(Items from a dataset)
____________________

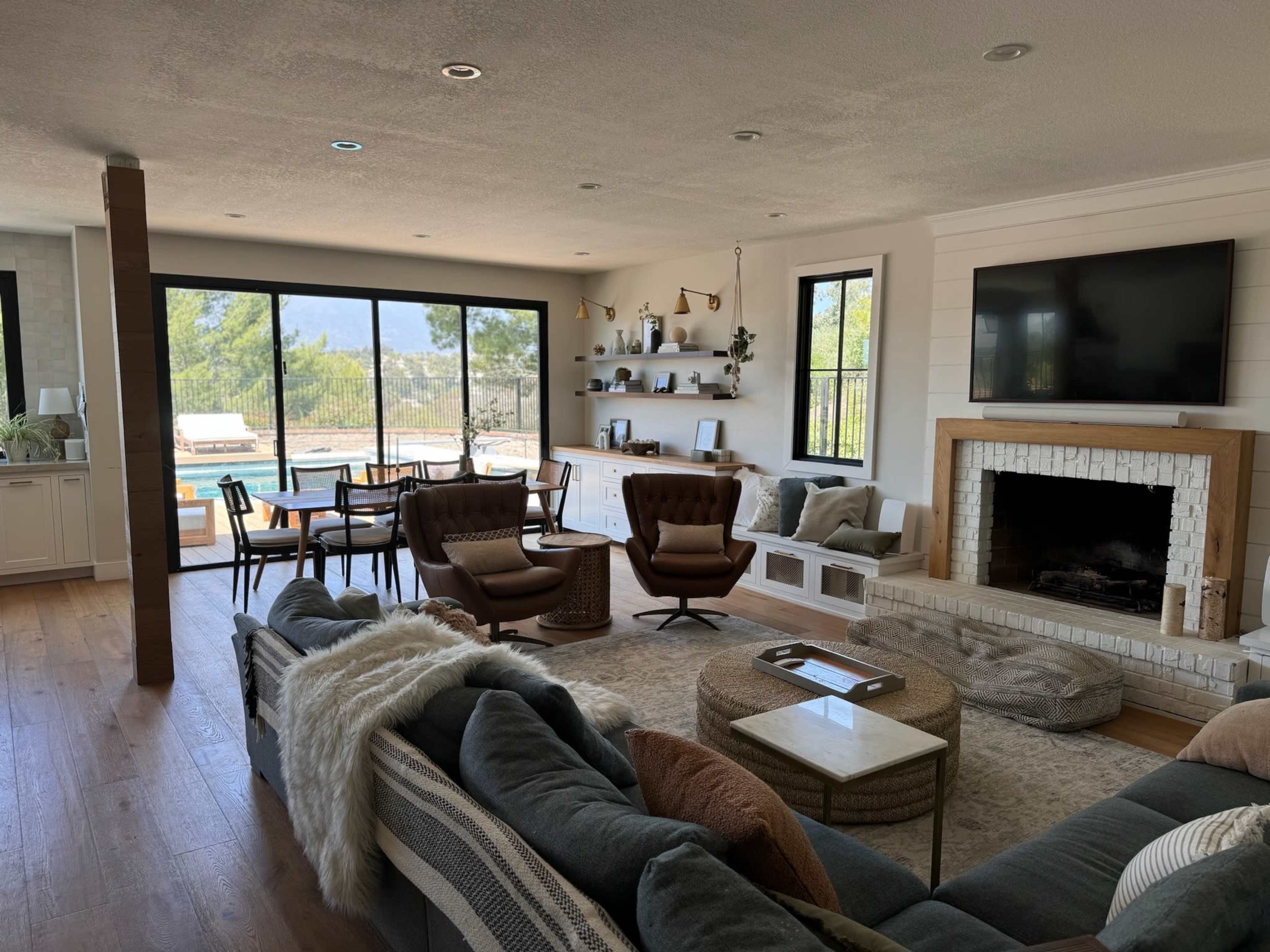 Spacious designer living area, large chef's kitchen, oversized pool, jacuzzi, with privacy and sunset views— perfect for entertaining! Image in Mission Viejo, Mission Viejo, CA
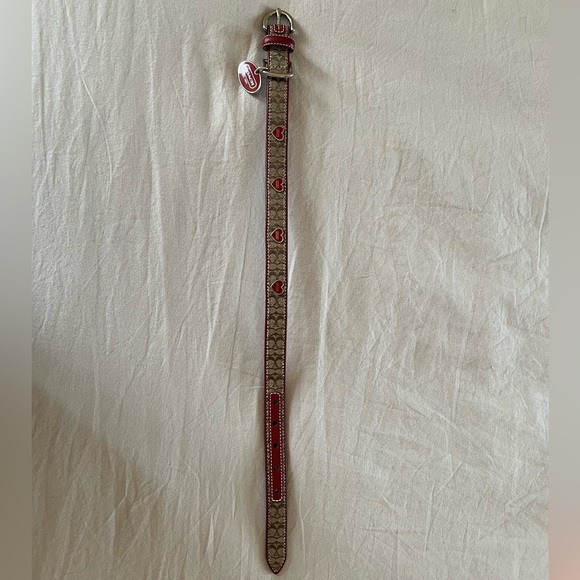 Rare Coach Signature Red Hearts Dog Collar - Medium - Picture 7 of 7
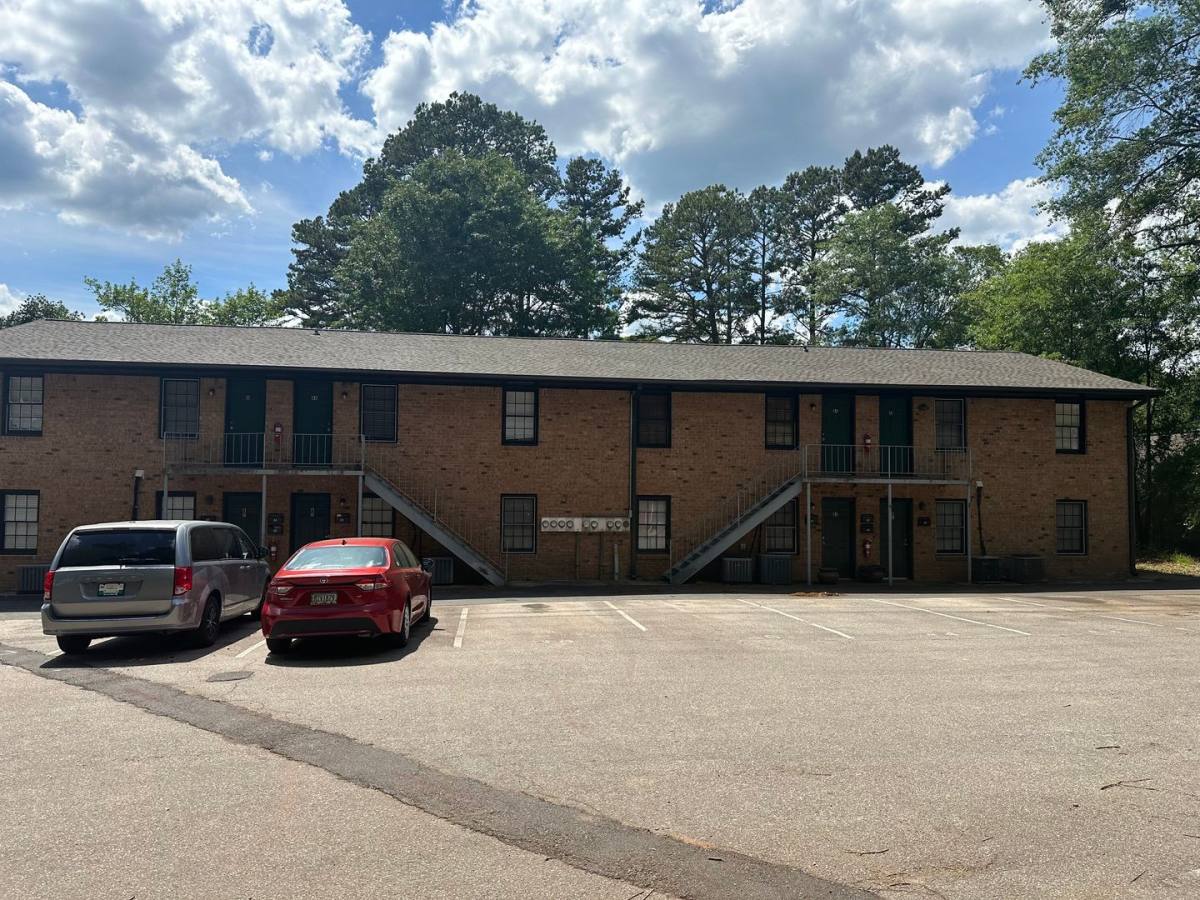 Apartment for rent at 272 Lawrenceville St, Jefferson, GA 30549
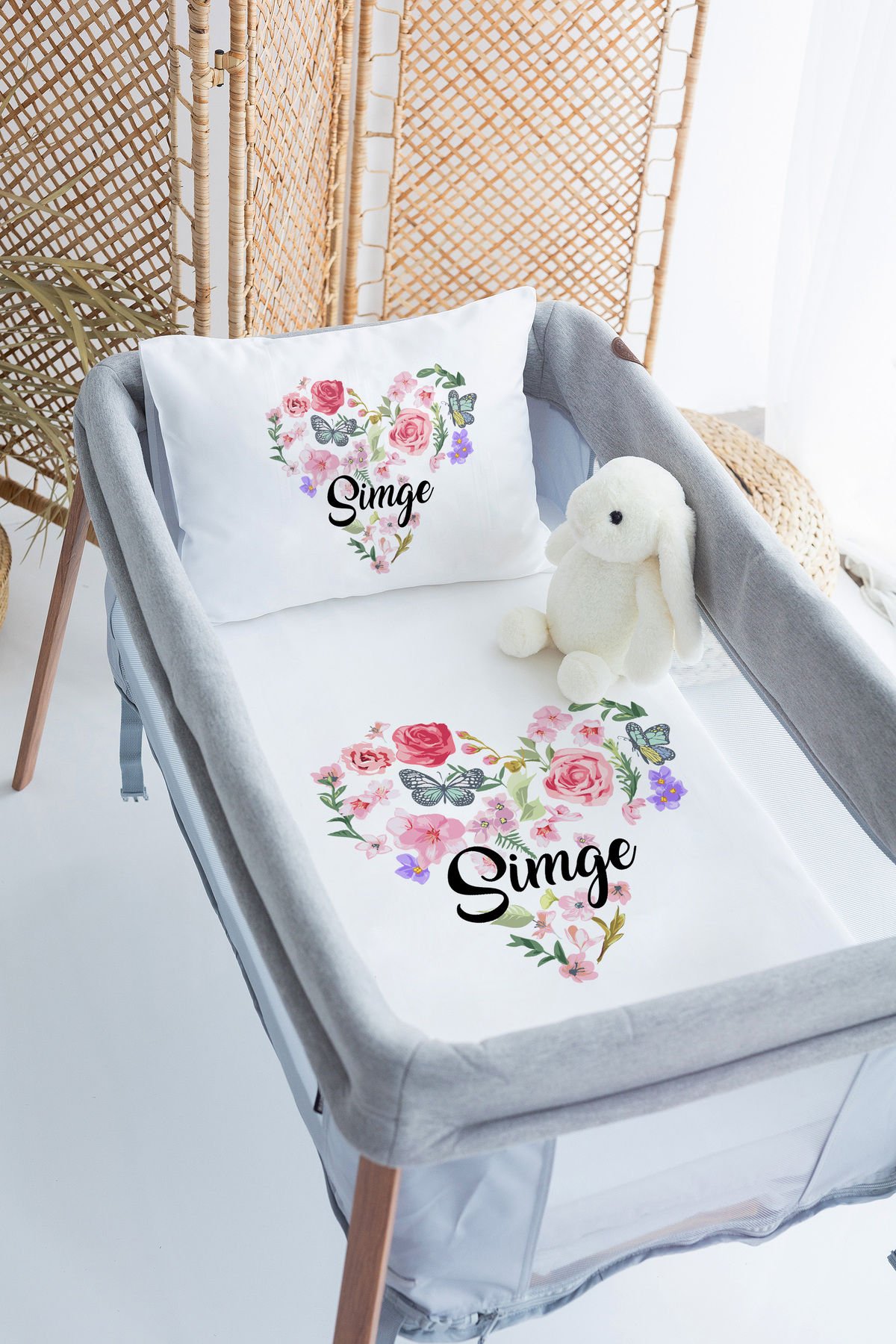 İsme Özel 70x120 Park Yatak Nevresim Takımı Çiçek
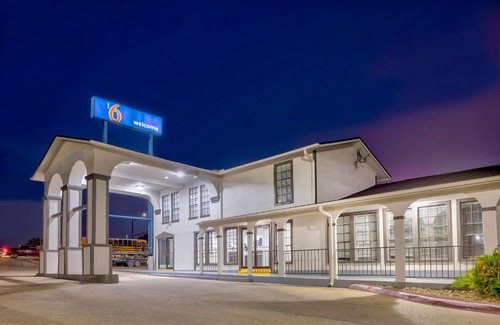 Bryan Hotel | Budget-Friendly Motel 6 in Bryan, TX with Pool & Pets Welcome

____________________

What is expected
Leaving out the pictures, print each line of the records above from the first up to and including the one that contains "Apartment for rent", exactly as written.

Worked solution
 Spacious designer living area, large chef's kitchen, oversized pool, jacuzzi, with privacy and sunset views— perfect for entertaining! Image in Mission Viejo, Mission Viejo, CA
 Rare Coach Signature Red Hearts Dog Collar - Medium - Picture 7 of 7
 Apartment for rent at 272 Lawrenceville St, Jefferson, GA 30549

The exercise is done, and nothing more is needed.